Falcon LLM: Versions, Prompt Templates & Hardware Requirements

Updated: 2023-08-31 |
Base model

Explore all versions of the model, their file formats like GGML, GPTQ, and HF, and understand the hardware requirements for local inference.

Hardware requirements

The performance of an Falcon model depends heavily on the hardware it's running on. For recommendations on the best computer hardware configurations to handle Falcon models smoothly, check out this guide: Best Computer for Running LLaMA and LLama-2 Models.

Below are the Falcon hardware requirements for 4-bit quantization:

For 7B Parameter Models

If the 7B model is what you're after, you gotta think about hardware in two ways. First, for the GPTQ version, you'll want a decent GPU with at least 6GB VRAM. The GTX 1660 or 2060, AMD 5700 XT, or RTX 3050 or 3060 would all work nicely. But for the GGML / GGUF format, it's more about having enough RAM. You'll need around 4 gigs free to run that one smoothly.

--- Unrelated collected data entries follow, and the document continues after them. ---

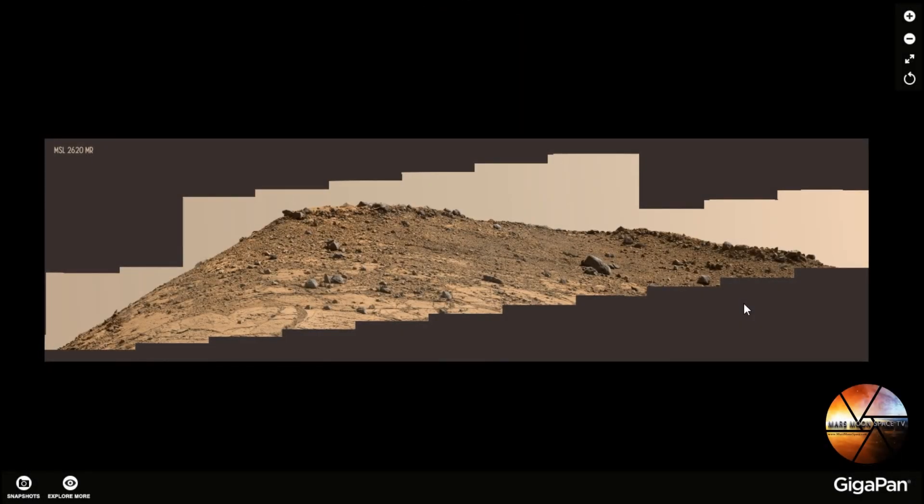Hi, this is Thomas from Mars Moon Space TV. I'm back with more videos from the Red Planet.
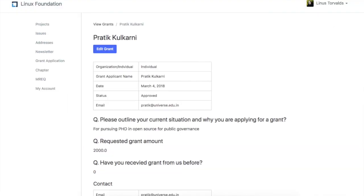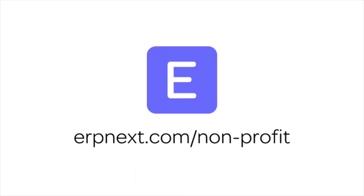Hope you found this video tutorial useful. For more details and free sign up, check ERPNext.com. Thanks for watching.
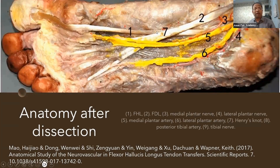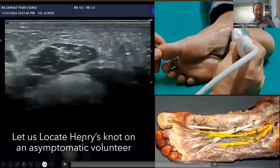So what is the Master Knot of Henry? It is the area where two tendons — flexor hallucis longus and flexor digitorum longus — overlap. That area is called the Knot of Henry. Let us locate the Henry's Knot on an asymptomatic volunteer.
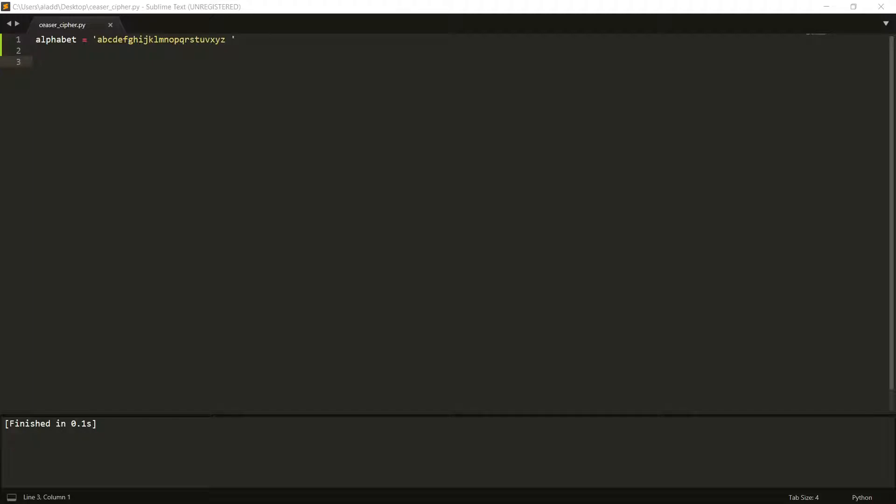Hello, and welcome back to our little project of making the best cipher in the world. Just kidding. But in this video, we try to code the Caesar cipher in Python. So let's get started.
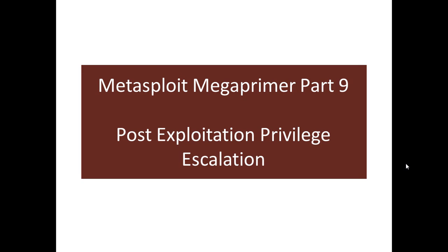Hello guys, welcome to part 9 of the Metasploit Mega Primer. In this video we will look at privilege escalation in the post exploitation phase.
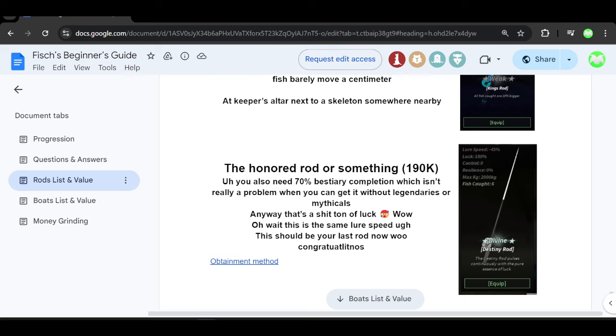So again, I recommend getting the resilience enchant on this. And once again, it has a negative 45% lure speed.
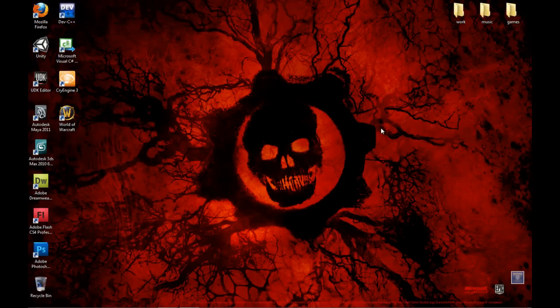Hey, what's up YouTube and welcome to your 38th tutorial on how to create an FPS game. I know this has been quite a long wait, but today we're finally going to start making the main menu. Because you've been so patient, I'm going to teach you how to make an awesome menu.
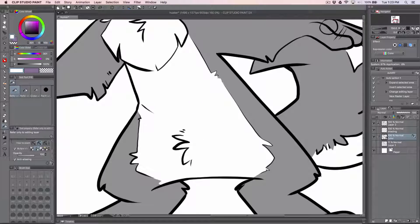The next step, which is the shading, will basically use the same method but on its own layer.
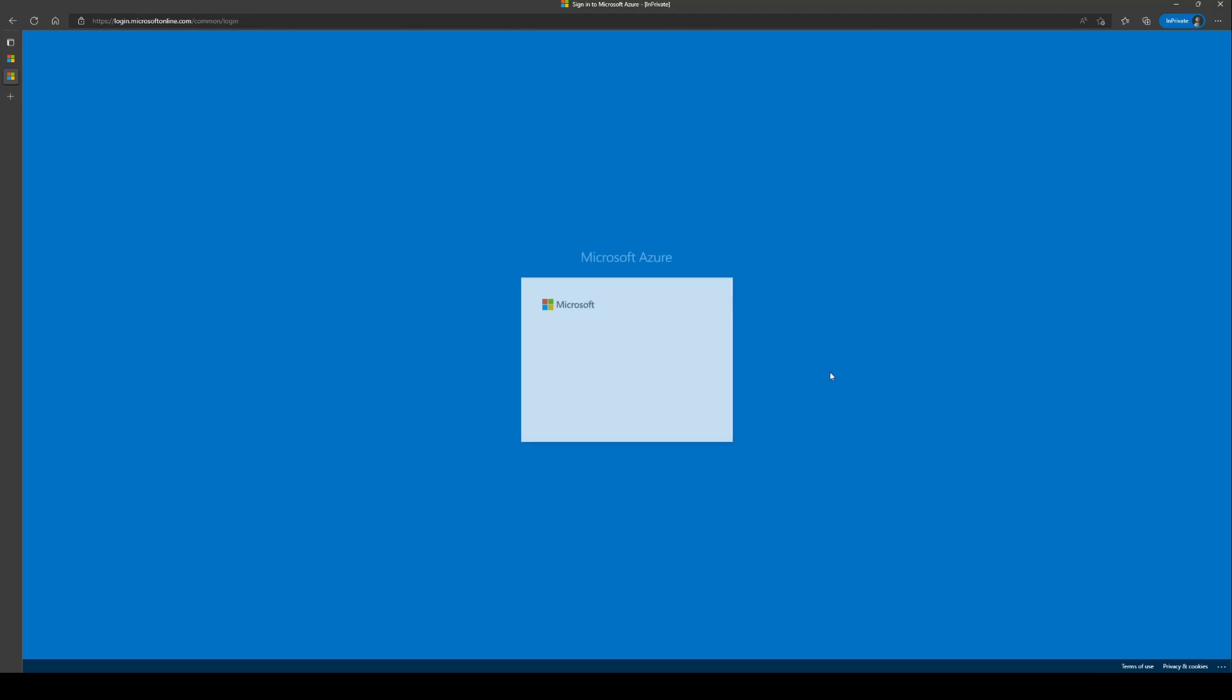Every sign-in session has its own correlation ID which can be used to uniquely identify the event. Hence, as an admin, you'd need the correlation ID and timestamp pair to investigate this issue.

Format RAM Requirements VRAM Requirements
GPTQ (GPU inference) 6GB (Swap to Load*) 6GB
GGML / GGUF (CPU inference) 4GB 300MB
Combination of GPTQ and GGML / GGUF (offloading) 2GB 2GB

*RAM needed to load the model initially. Not required for inference. If your system doesn't have quite enough RAM to fully load the model at startup, you can create a swap file to help with the loading.

Memory speed

When running Falcon AI models, you gotta pay attention to how RAM bandwidth and mdodel size impact inference speed. These large language models need to load completely into RAM or VRAM each time they generate a new token (piece of text). For example, a 4-bit 13B billion parameter Falcon model takes up around 7.5GB of RAM.

So if your RAM bandwidth is 50 GBps (DDR4-3200 and Ryzen 5 5600X), you can generate roughly 6 tokens per second. But for fast speeds like 11 tokens per second, you'd need more bandwidth - DDR5-5600 with around 90 GBps. For reference, top-end GPUs like the Nvidia RTX 3090 have about 930 GBps of bandwidth to their VRAM. The latest DDR5 RAM can provide up to 100GB/s. So understanding the bandwidth is key to run models like Falcon efficiently.


  1. For Best Performance: Opt for a machine with a high-end GPU (like NVIDIA's latest RTX 3090 or RTX 4090) or dual GPU setup to accommodate the largest models (65B and 70B). A system with adequate RAM (minimum 16 GB, but 64 GB best) would be optimal.
  2. For Budget Constraints: If you're limited by budget, focus on Falcon GGML/GGUF models that fit within the sytem RAM. Remember, while you can offload some weights to the system RAM, it will come at a performance cost.

Remember, these are recommendations, and the actual performance will depend on several factors, including the specific task, model implementation, and other system processes.

CPU requirements

For best performance, a modern multi-core CPU is recommended. An Intel Core i7 from 8th gen onward or AMD Ryzen 5 from 3rd gen onward will work well. CPU with 6-core or 8-core is ideal. Higher clock speeds also improve prompt processing, so aim for 3.6GHz or more.

Having CPU instruction sets like AVX, AVX2, AVX-512 can further improve performance if available. The key is to have a reasonably modern consumer-level CPU with decent core count and clocks, along with baseline vector processing (required for CPU inference with llama.cpp) through AVX2. With those specs, the CPU should handle Falcon model size.